═════ Available data

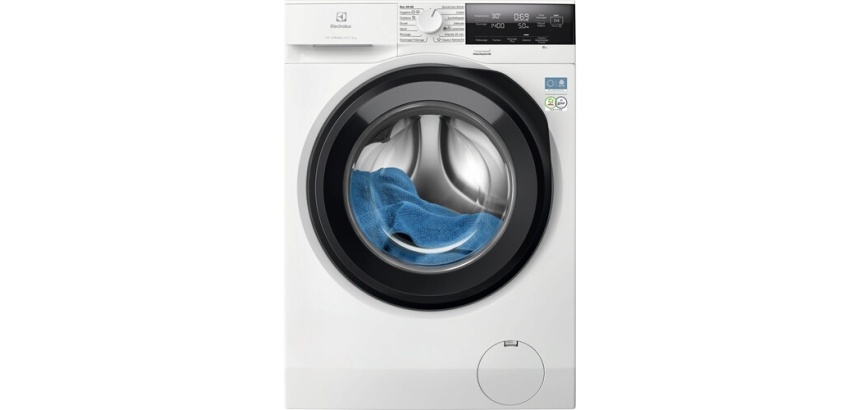 Lave-linge hublot Electrolux EW7FI3942B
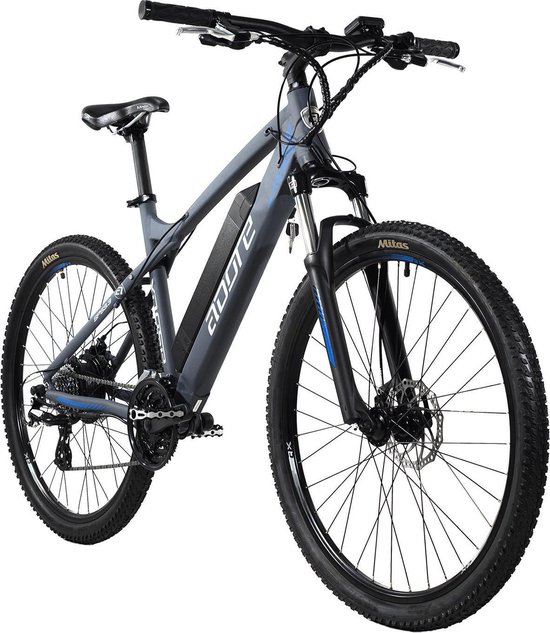 Adore Fiets (elektrisch) Elektrische Mountainbike Hardtail 27,5'' Adore  Xpose E-Bike -... | bol.com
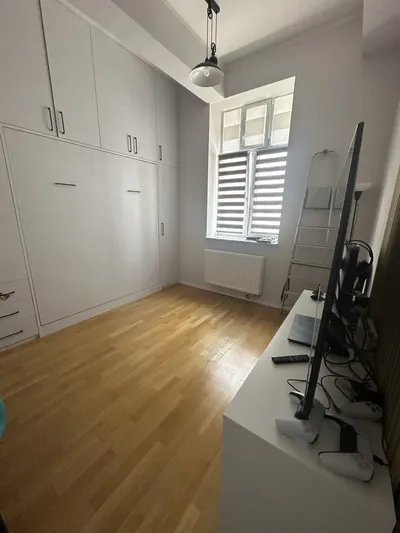 Wynajmę kawalerkę w centrum 30m2 - miniatura 4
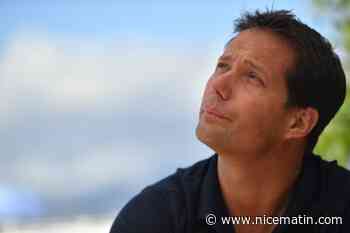 À peine rentré sur Terre, l'astronaute français Thomas Pesquet s'envole de nouveau... vers la Centrafrique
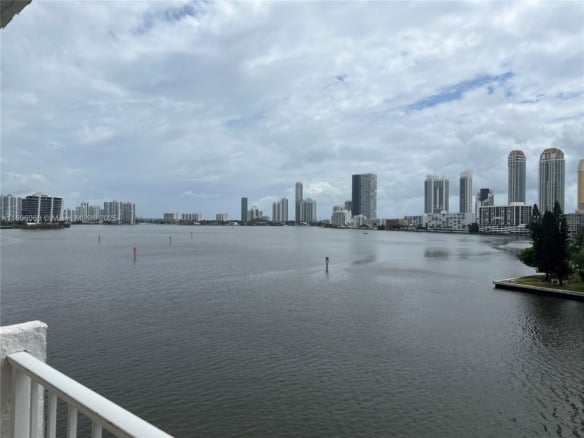 4000 NE 170th St # 604, North Miami Beach FL 33160 — #A11606063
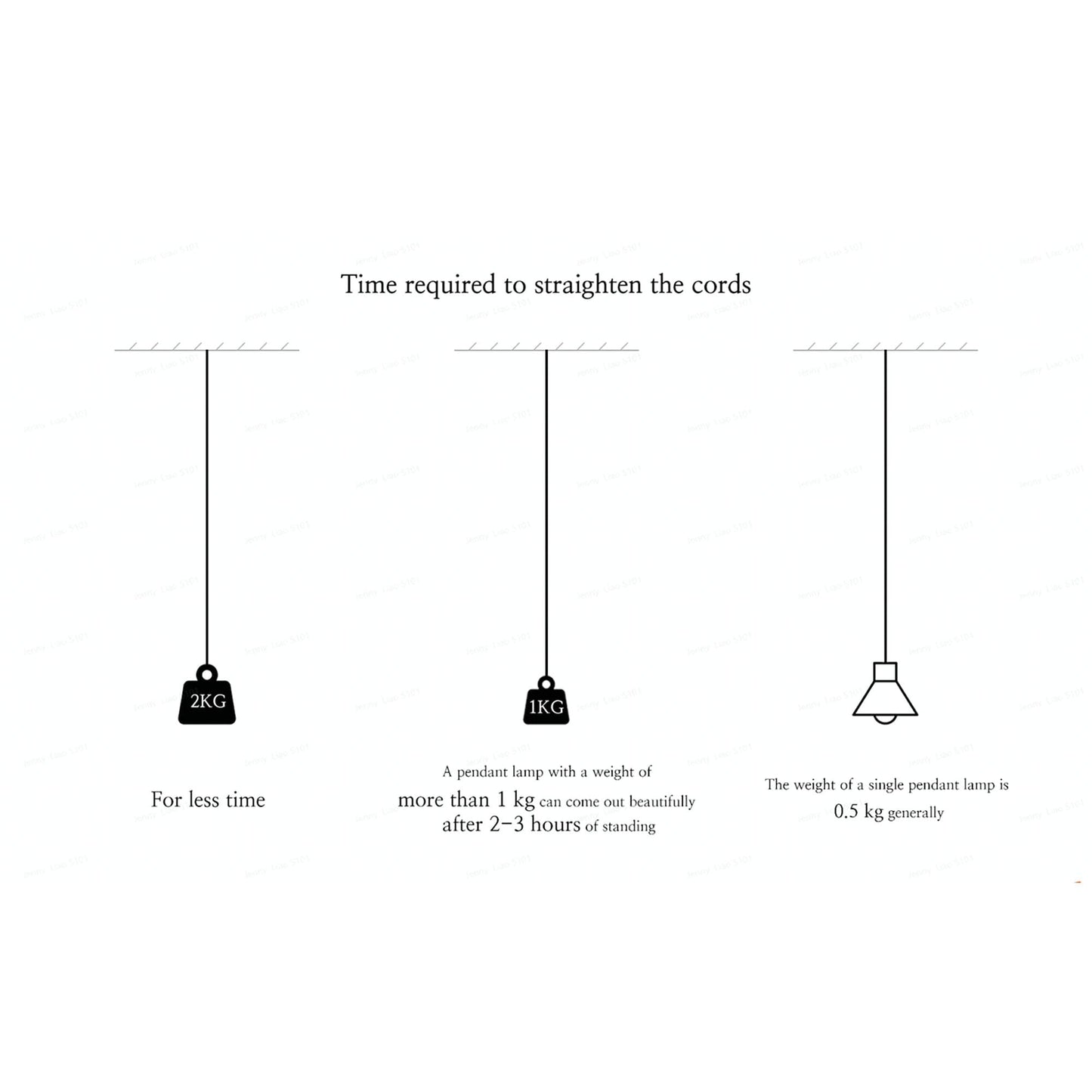 Lampada a sospensione Elisie Mid-Century Modern a 1 luce, cupola in vetro martellato, illuminazione per isola cucina, sala da pranzo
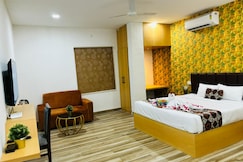 Hotel Park Airport Zone, Hyderabad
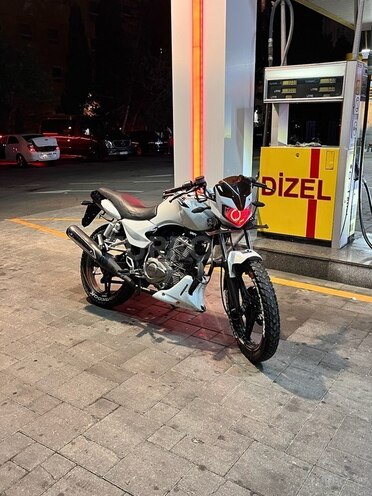 Mondial  2019, 45,000 km - 1.5 l - Bakı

══════════

* _What is being asked_: Send back the entries above exactly. Skip the images.

* _Task solution_:
 Lave-linge hublot Electrolux EW7FI3942B
 Adore Fiets (elektrisch) Elektrische Mountainbike Hardtail 27,5'' Adore  Xpose E-Bike -... | bol.com
 Wynajmę kawalerkę w centrum 30m2 - miniatura 4
 À peine rentré sur Terre, l'astronaute français Thomas Pesquet s'envole de nouveau... vers la Centrafrique
 4000 NE 170th St # 604, North Miami Beach FL 33160 — #A11606063
 Lampada a sospensione Elisie Mid-Century Modern a 1 luce, cupola in vetro martellato, illuminazione per isola cucina, sala da pranzo
 Hotel Park Airport Zone, Hyderabad
 Mondial  2019, 45,000 km - 1.5 l - Bakı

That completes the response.